NCERT Solutions For Class 12 Maths Chapter 10 Vector Algebra

Q. Find \( \lvert \vec{a}\times\vec{b}\rvert \), if \( \vec{a}=\hat{i}-7\hat{j}+7\hat{k} \) and \( \vec{b}=3\hat{i}-2\hat{j}+2\hat{k} \).

A. Given vectors are \( \vec{a}=\hat{i}-7\hat{j}+7\hat{k} \) and \( \vec{b}=3\hat{i}-2\hat{j}+2\hat{k} \).

Then,

\[
\vec{a}\times\vec{b}=
\begin{vmatrix}
\hat{i} & \hat{j} & \hat{k}\\
1 & -7 & 7\\
3 & -2 & 2
\end{vmatrix}
=(-14+14)\hat{i}+(2-21)\hat{j}+(-2+21)\hat{k}
=-19\hat{j}+19\hat{k}
\]

\[
\therefore\ \lvert \vec{a}\times\vec{b}\rvert=\lvert -19\hat{j}+19\hat{k}\rvert
=\sqrt{(-19)^2+(19)^2}=19\sqrt{2}
\]

Subject: Mathematics  |  Chapter: Vector Algebra  |  Difficulty Level: Medium

Q. Find the sum of the vectors \( \vec{a}=\hat{i}-2\hat{j}+\hat{k} \), \( \vec{b}=-2\hat{i}+4\hat{j}+5\hat{k} \) and \( \vec{c}=\hat{i}-6\hat{j}-7\hat{k} \).

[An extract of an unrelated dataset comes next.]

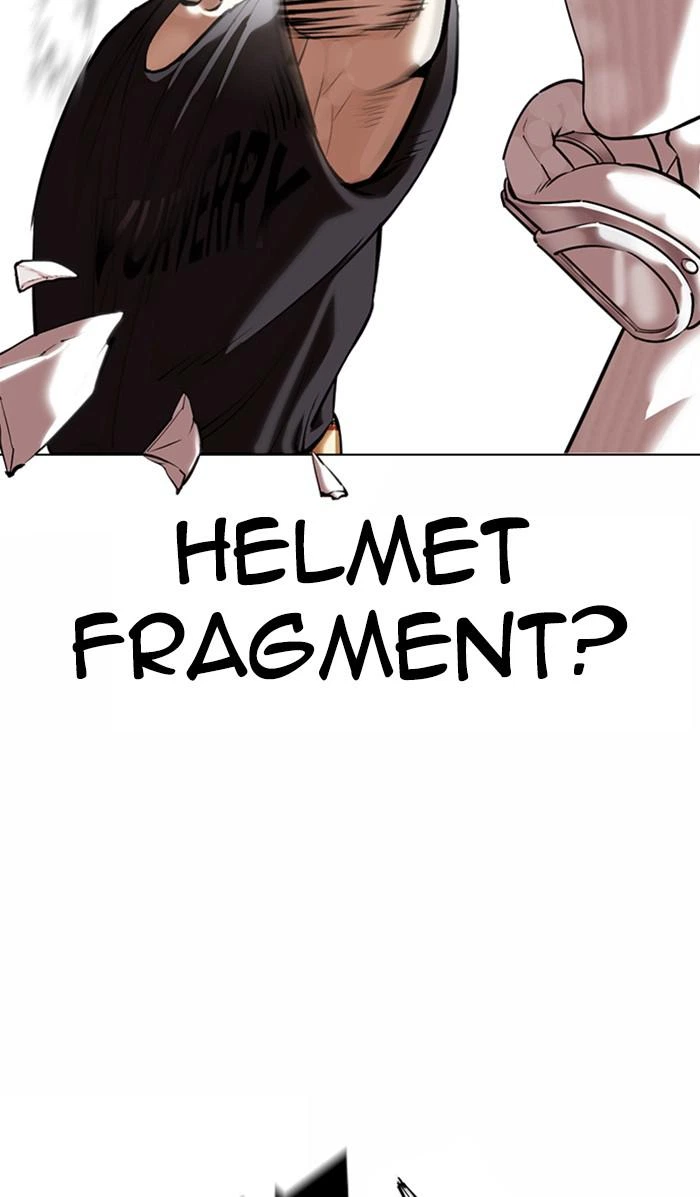 Lookism Chapter 362 — page 10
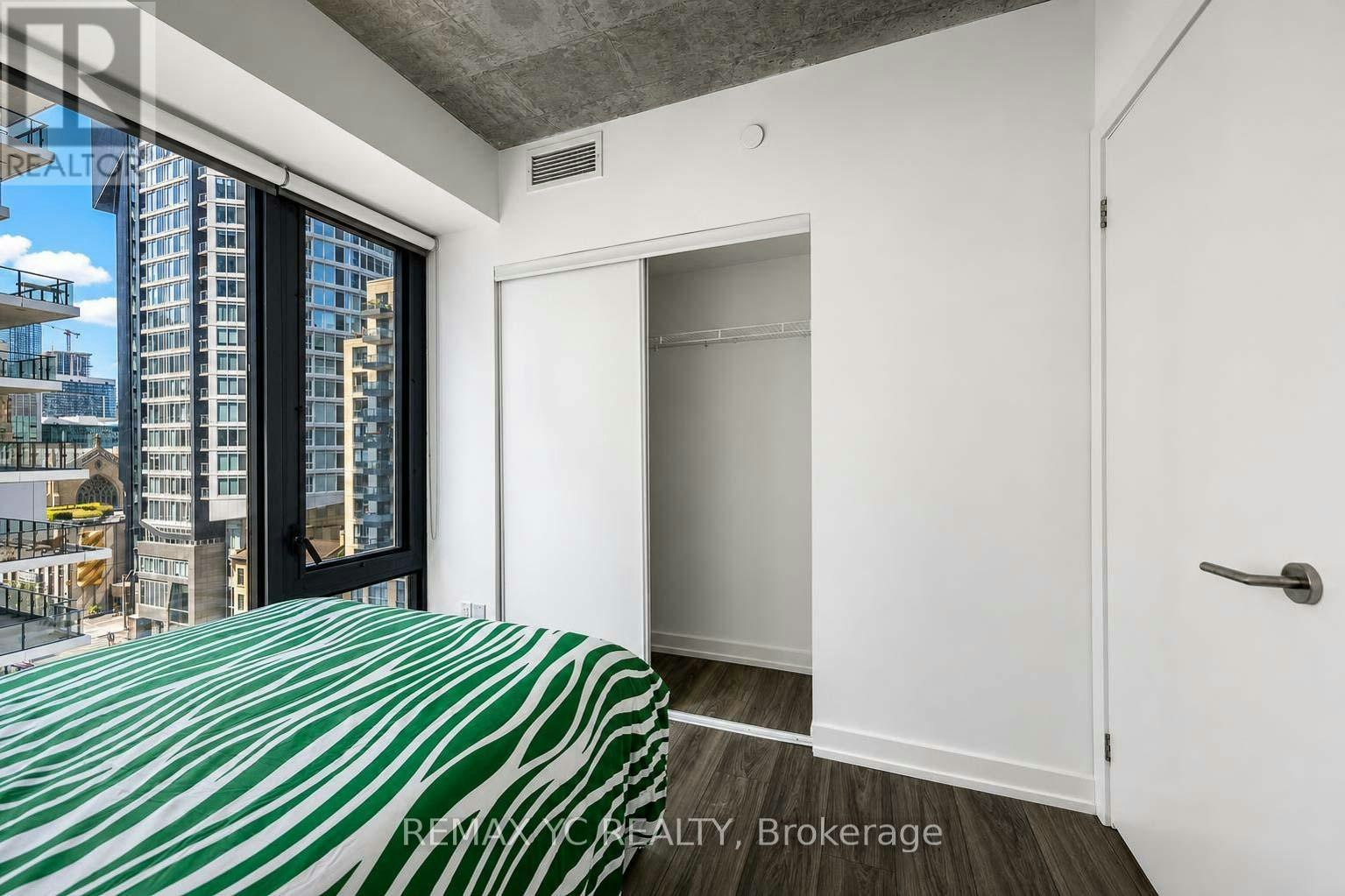 803-47 Mutual Street, Toronto, ON, M5B 0C6 - 13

A. The given vectors are \( \vec{a}=\hat{i}-2\hat{j}+\hat{k} \), \( \vec{b}=-2\hat{i}+4\hat{j}+5\hat{k} \) and \( \vec{c}=\hat{i}-6\hat{j}-7\hat{k} \).

Then,

\[
\vec{a}+\vec{b}+\vec{c}
=(\hat{i}-2\hat{j}+\hat{k})+(-2\hat{i}+4\hat{j}+5\hat{k})+(\hat{i}-6\hat{j}-7\hat{k})
=-4\hat{j}-\hat{k}
\]

Subject: Mathematics  |  Chapter: Vector Algebra  |  Difficulty Level: Medium

Q. Find the value of \(x\) for which \(x(\hat{i}+\hat{j}+\hat{k})\) is a unit vector.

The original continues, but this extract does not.